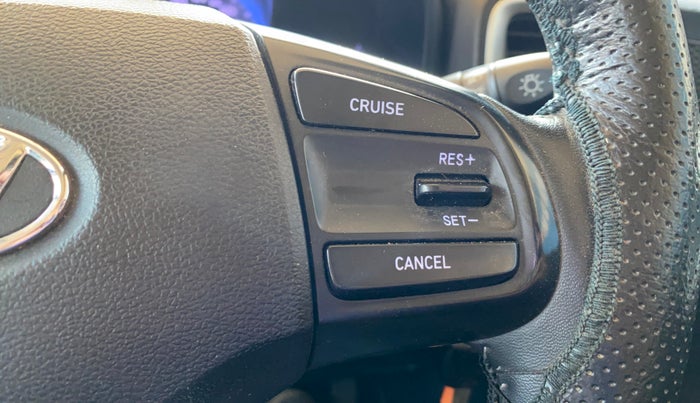 2020 Hyundai VENUE SX 1.0 TURBO, Petrol, Manual, 56,947 km, Adaptive Cruise Control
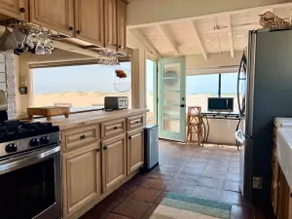 Calm & Secluded Old-Hollywood Beachfront Home - Image 3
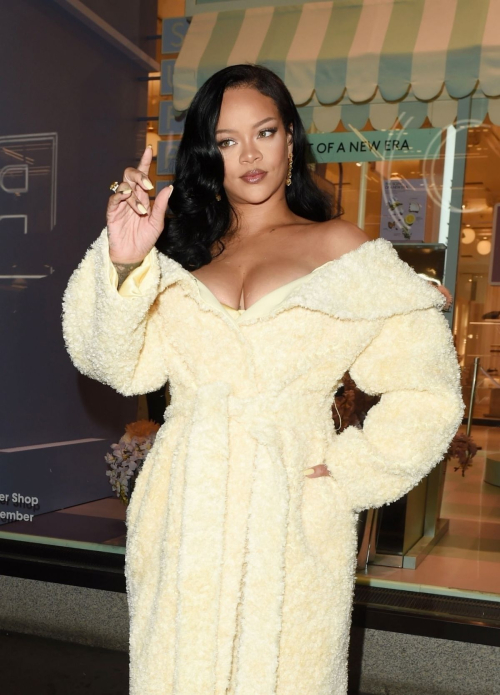 Rihanna at Her Fenty Event at Selfridges in London 4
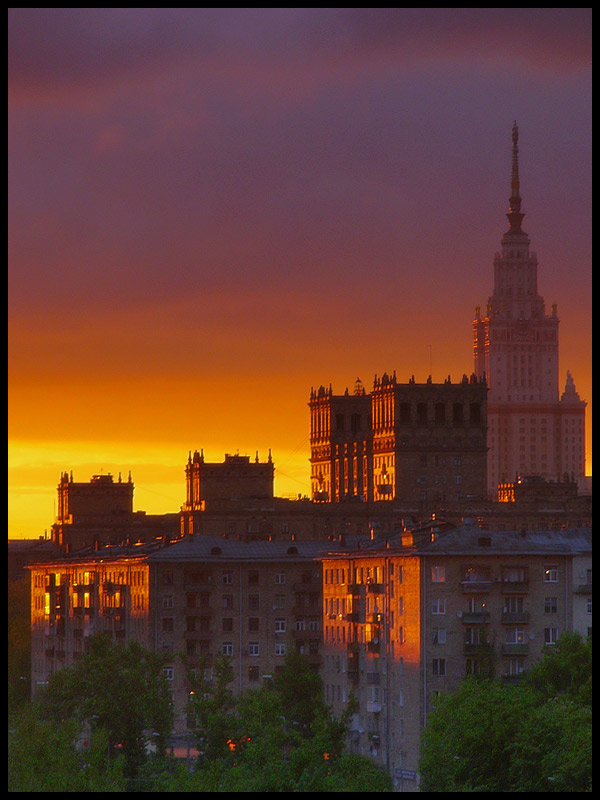 фото "Призрачный замок" метки: архитектура, пейзаж, закат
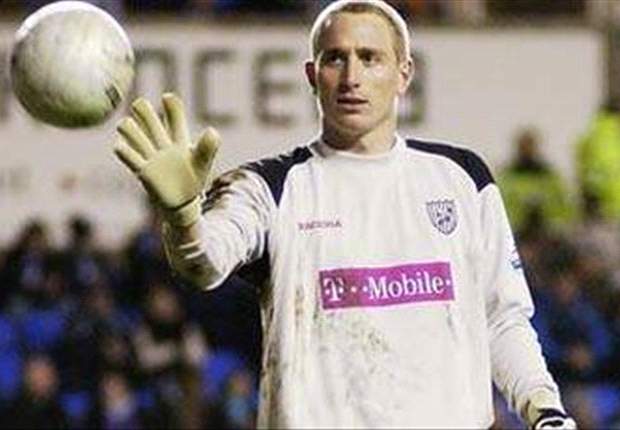Sheffield Wednesday goalkeeper Chris Kirkland attacked by fan in clash with Leeds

----------

▶ TASK TO CARRY OUT: Each line from the one that contains "Calm & Secluded" through the end of the records should be restated exactly; include both end lines and leave any pictures out.

▶ SOLUTION TO THIS EXERCISE:
 Calm & Secluded Old-Hollywood Beachfront Home - Image 3
 Rihanna at Her Fenty Event at Selfridges in London 4
 фото "Призрачный замок" метки: архитектура, пейзаж, закат
Sheffield Wednesday goalkeeper Chris Kirkland attacked by fan in clash with Leeds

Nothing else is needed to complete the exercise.